Freediving, a discipline that involves prolonged breath holding (apnoea) whilst submerged, represents a unique intersection of human physiology and extreme sport. Unlike most athletic pursuits, freediving intentionally disrupts homeostasis by suppressing respiration, thereby inducing states of hypoxia and hypercapnia. This blog examines the physiological mechanisms underpinning apnoea, with a focus on the mammalian dive reflex, breath-hold phases, and training ratios. Drawing from recent research on trained freedivers, we explore how the body adapts during repeated breath holds, the implications for safety, practical training strategies, and broader applications in breathwork therapies.

Understanding Apnoea and Freediving Physiology

Apnoea, or voluntary breath holding, triggers a cascade of physiological responses designed to conserve oxygen and maintain vital functions.

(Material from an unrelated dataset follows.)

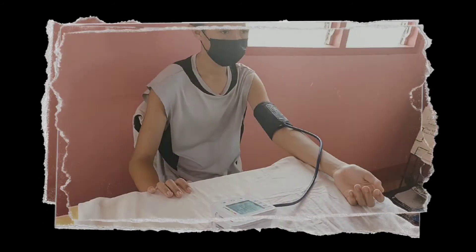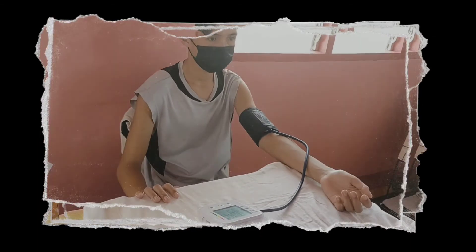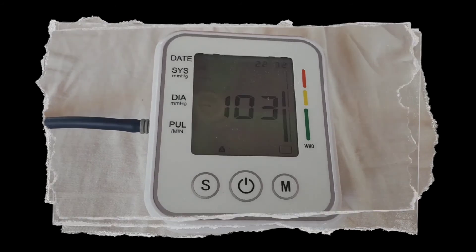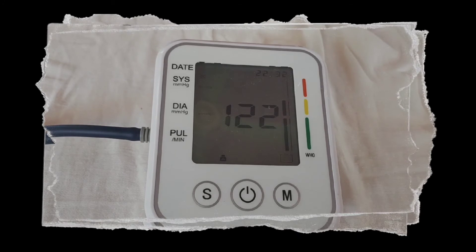Press the on/off button. Keep relaxed and start measuring. After about 40 seconds, the pressure and pulse are instantly displayed. The screen will show a digital readout of your systolic and diastolic blood pressure.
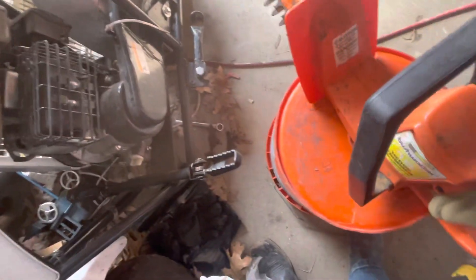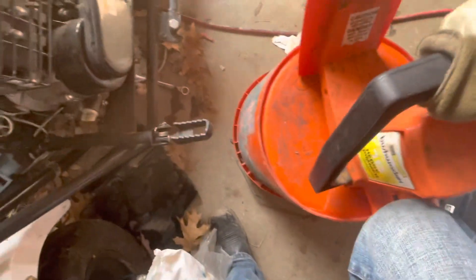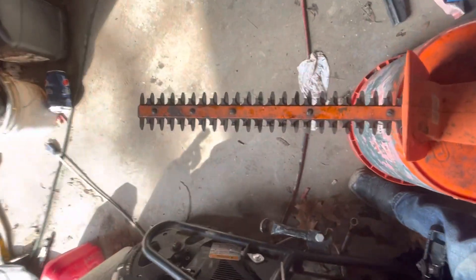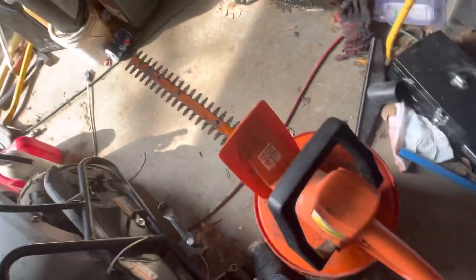I don't see anything wrong with it besides the very wobbly handle. And when you start it up, the trimmer wobbles — but it works. Thanks for looking.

Central to this is the mammalian dive reflex, an evolutionary adaptation observed in marine mammals such as seals and whales, and humans. This reflex is primarily initiated by immersion of the face in water, stimulating the trigeminal nerve, which signals the brainstem to activate protective mechanisms. Upon breath cessation, particularly in aquatic environments, the reflex induces bradycardia (a reduction in heart rate), peripheral vasoconstriction, and selective blood flow redistribution. Oxygen is prioritised for the brain and heart, whilst blood vessels in non-essential areas, such as skeletal muscles, constrict to minimise oxygen consumption. This vascular shunting enhances survival by delaying hypoxia-induced blackout, enabling marine mammals like Weddell seals to dive for over an hour, compared to human breath-hold times typically ranging from 2 to 7 minutes in trained individuals.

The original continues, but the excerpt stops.